The July arrests of two state workers on suspicion of indecent exposure at a Davis park have led to federal child exploitation charges against the pair, the U.S. Attorney’s Office in Sacramento announced Wednesday.
Two federal criminal complaints unsealed Wednesday allege that 30-year-old Wenyi Xu of Folsom made sexually explicit images of her own child, and that she and her co-defendant, Nicholas Robert Bowen, shared that and other child pornography material over a six-month period between Jan. 1 and July 10, the day of their arrests near Davis’ Community Park.
That day, authorities allege, Xu exposed herself to young boys — as many as five, according to an arrest warrant affidavit obtained by The Enterprise — riding their bicycles in the park, while Bowen, a 62-year-old resident of Grizzly Flats in El Dorado Hills, captured the acts on camera.
They were caught after a worker who witnessed the incident called police, who arrested the pair as they walked toward their vehicle north of the park. Both have pleaded not guilty to charges including lewd conduct, child annoyance and conspiracy to commit a misdemeanor.
The federal charges are not expected to impact that case, Yolo County Chief Deputy District Attorney Jonathan Raven said.
Xu is being represented in the federal case by David W. Dratman, who declined to comment Wednesday. The listed phone number for Robert Blasier, Bowen’s attorney, was disconnected.
Yolo County District Attorney investigators who seized the pair’s cell phones as well as Bowen’s computer discovered multiple images of child pornography, including pictures of Xu’s young, unclothed daughter that were taken inside her Folsom home on June 22, according to the arrest warrant affidavit.
The document says that Bowen, who became intimately involved with the married Xu about a year ago after meeting on a light-rail train in Folsom, “told (Xu) that he was sexually aroused by sexually explicit images of 10- to 12-year-olds” that were saved on his computer.
Bowen and Xu were free on bail during a pretrial hearing last week in Yolo Superior Court but are now in federal custody, with Xu due in court Friday for a hearing to determine whether she poses a flight risk and should be released on bail, according to Lauren Horwood, spokeswoman for Benjamin B. Wagner, U.S. Attorney for the Eastern District of California.
A pretrial hearing for Bowen, deemed by the court a “danger to the community and a flight risk,” is set for Sept. 23, Horwood said.
And while the pair face only indecent-exposure charges in Yolo County, the Davis incident was not the first time Xu had exposed herself to children while Bowen recorded it, according to the affidavit.
The first occurred last spring at a Folsom-area elementary school, “where Xu attempted to expose herself to boys in the area,” the document says. “When Xu asked why he was videotaping her exposing herself to boys, Bowen replied that it was in order for him to get ‘excited later.’ ”

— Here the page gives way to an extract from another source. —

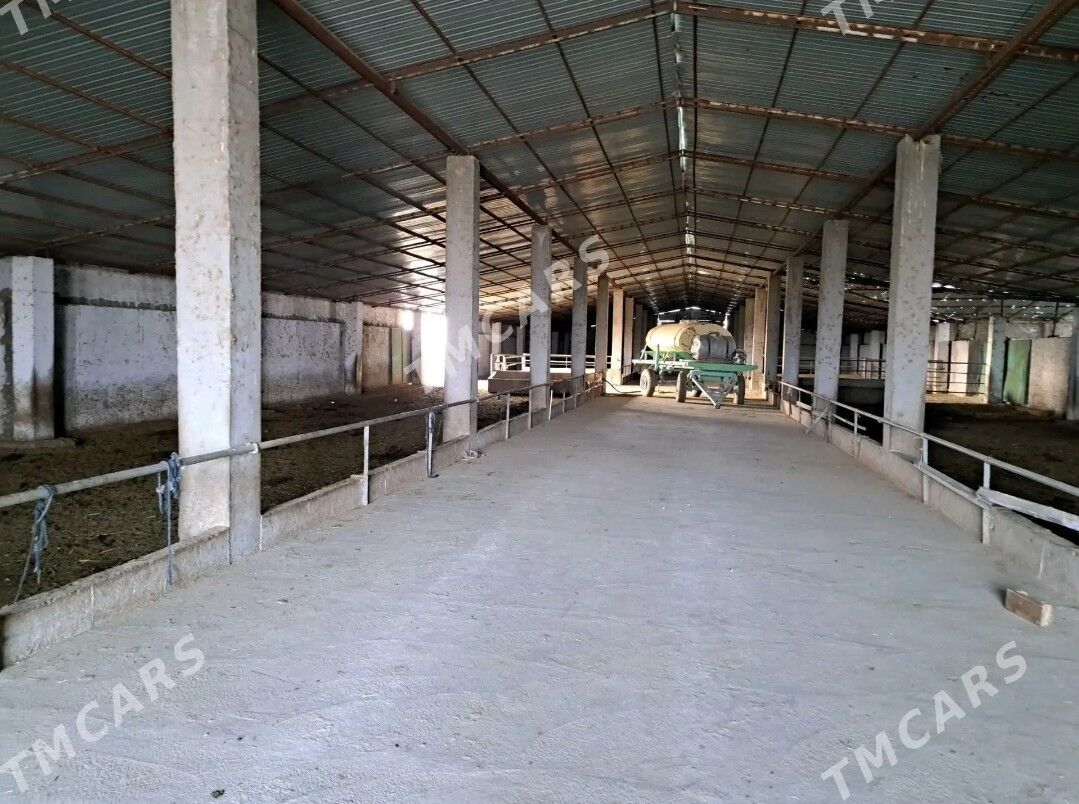 ferma - Кака - img 6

For the Davis incident, both Bowen and Xu were equipped with eyeglasses that had cameras built into them, the affidavit says. Xu reportedly told police following her arrest that the pair initially tried to find boys in the Davis High School parking lot before moving on to Community Park, where Xu “exposed herself to approximately four or five boys between the ages of 10 and 12″ while Bowen recorded her.
Bowen, who has a history of drunken-driving, theft and drug-related arrests in Sacramento County, was working as a branch manager for the California Department of Public Health at the time of his arrest. Xu was employed as a researcher for the state Department of Health Services.
If convicted, both Bowen and Xu face anywhere from five to 20 years in prison, while Xu also could receive 15 to 30 years if found guilty of producing a sexually explicit image, Horwood said. Each charge also carries a potential fine of up to $250,000 and a lifetime period of supervised release.